What you need to do ->
Write out every record below exactly as it stands, leaving the pictures out.

──────── Data shown ────────

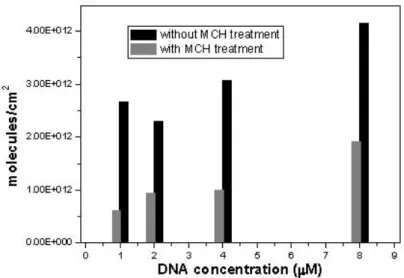Figure 4. Radiolabelling data of the thiolated DNA coverage on gold before and after the MCH  treatment   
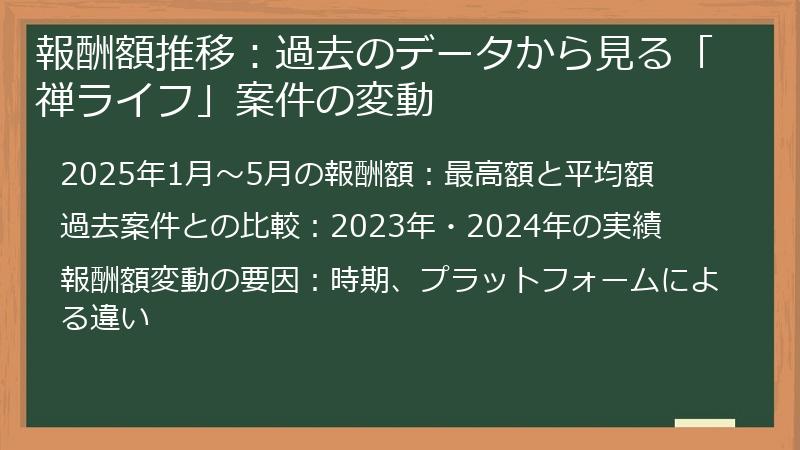 報酬額推移：過去のデータから見る「禅ライフ」案件の変動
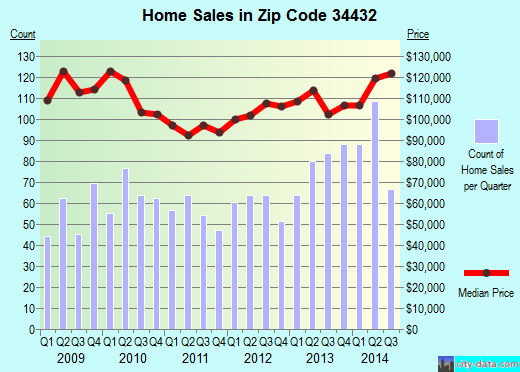 Zip code 34432 (Dunnellon, Florida) real estate house value trends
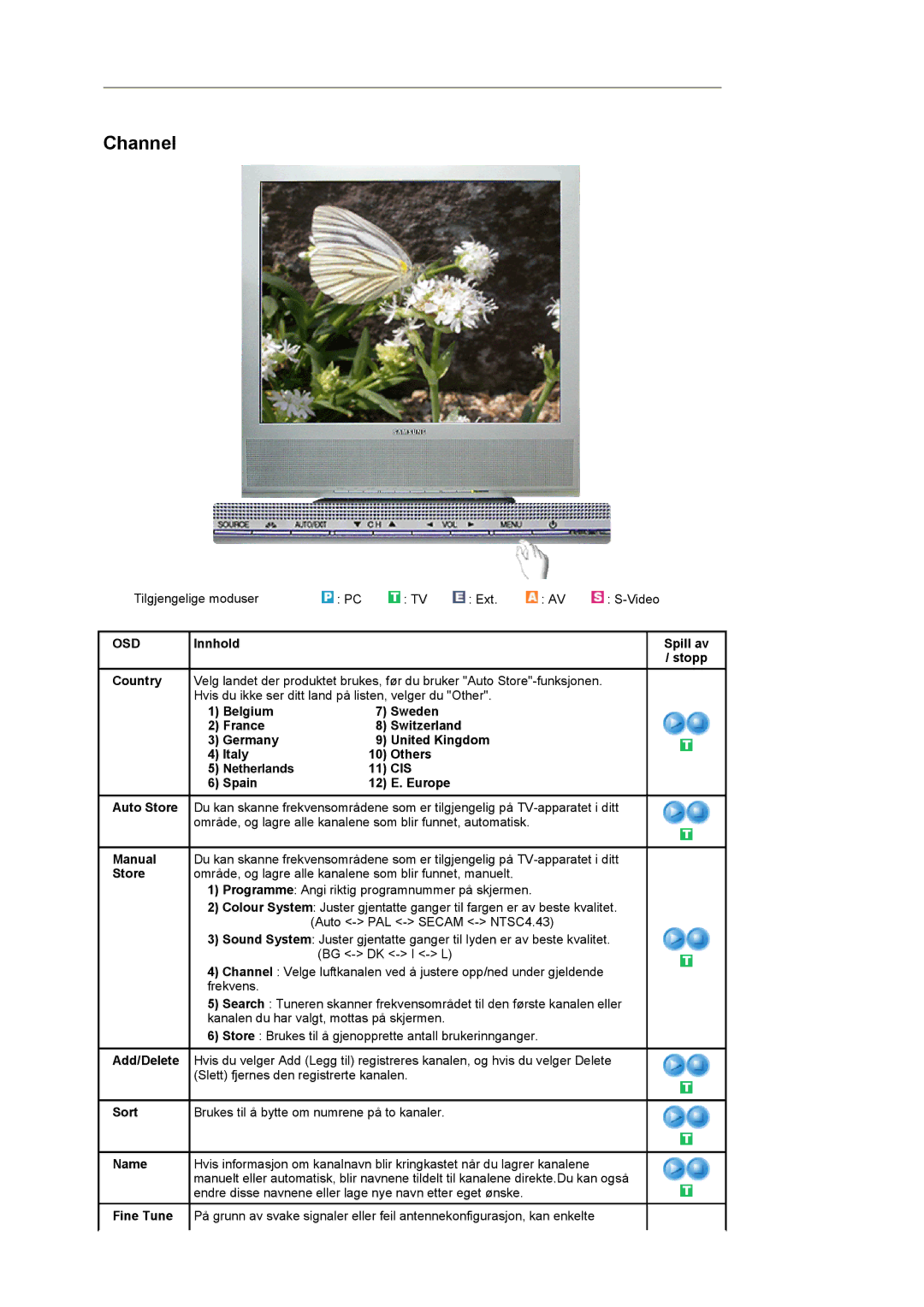 Samsung LS17MCASS/EDC manual Tilgjengelige moduser Ext Video, Cis, Sort, Name, Fine Tune 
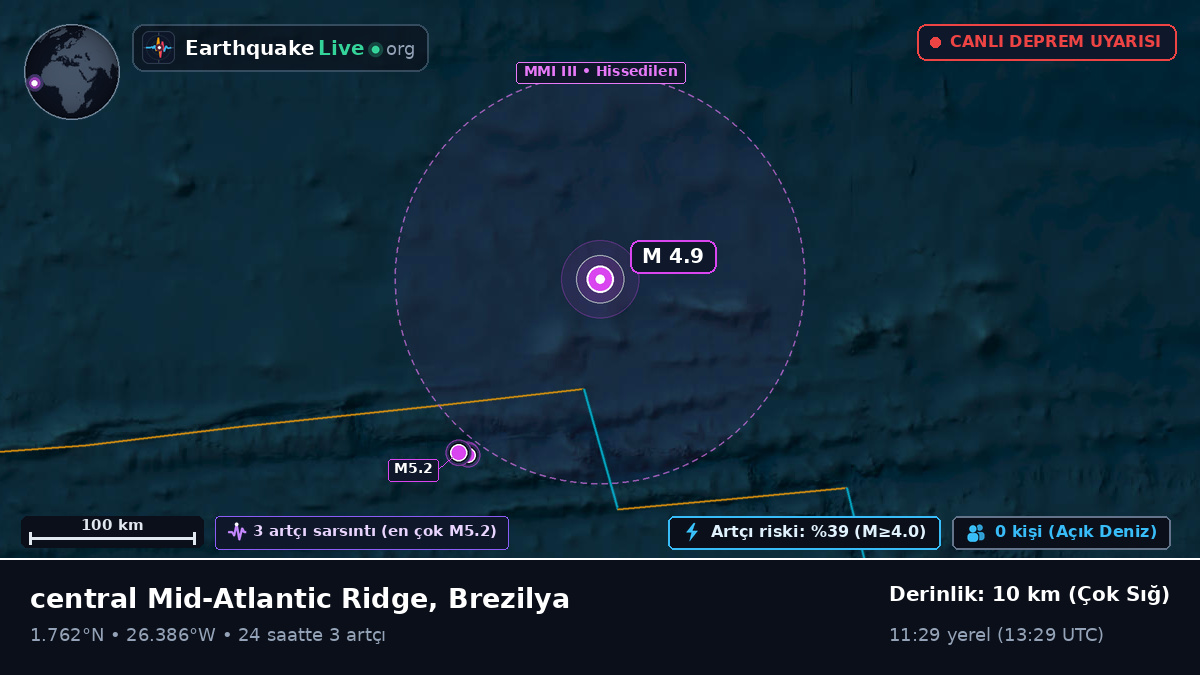 Kuzey Atlantik Okyanusu (Brezilya)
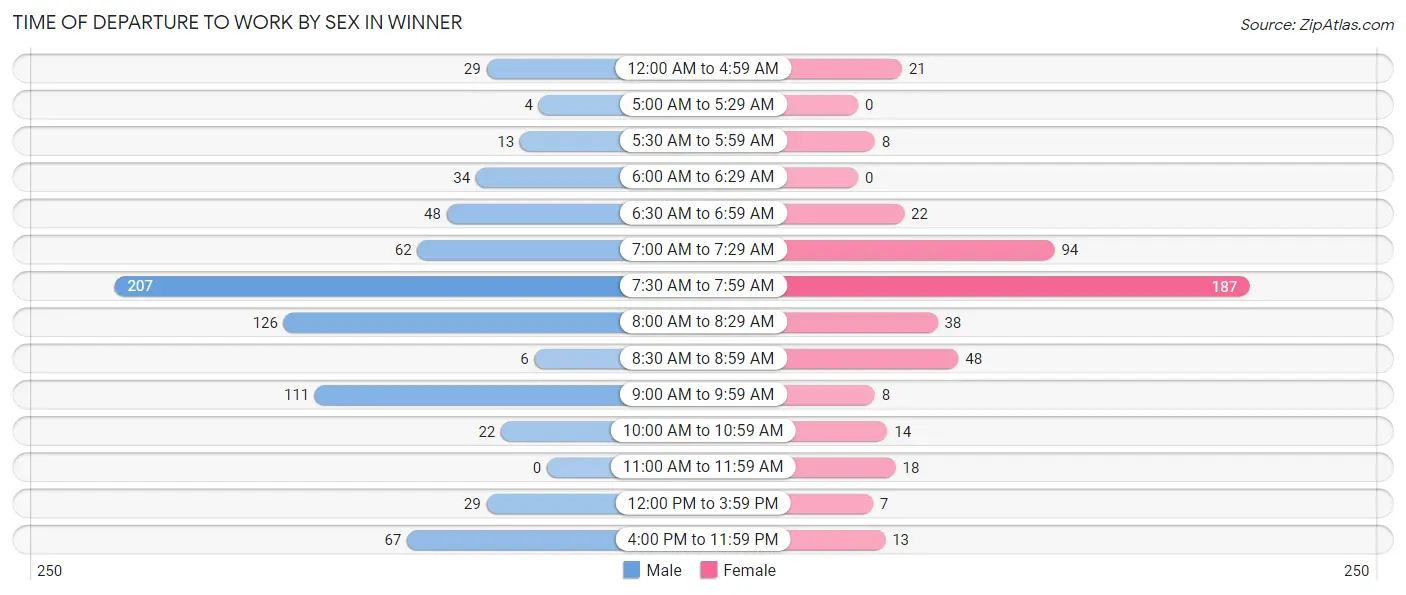Time of Departure to Work by Sex in Winner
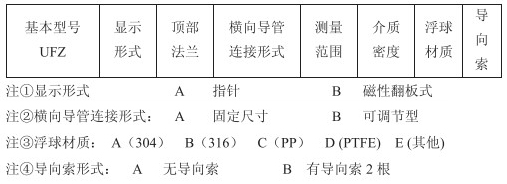 浮球滑輪式液位計(jì)選型參數(shù)對照表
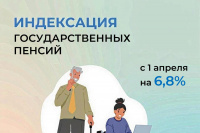 С 1 апреля Отделение СФР по Хакасии проиндексировало  государственные пенсии жителям республики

────────

Output ->
Figure 4. Radiolabelling data of the thiolated DNA coverage on gold before and after the MCH  treatment   
 報酬額推移：過去のデータから見る「禅ライフ」案件の変動
 Zip code 34432 (Dunnellon, Florida) real estate house value trends
 Samsung LS17MCASS/EDC manual Tilgjengelige moduser Ext Video, Cis, Sort, Name, Fine Tune 
 Kuzey Atlantik Okyanusu (Brezilya)
Time of Departure to Work by Sex in Winner
 浮球滑輪式液位計(jì)選型參數(shù)對照表
 С 1 апреля Отделение СФР по Хакасии проиндексировало  государственные пенсии жителям республики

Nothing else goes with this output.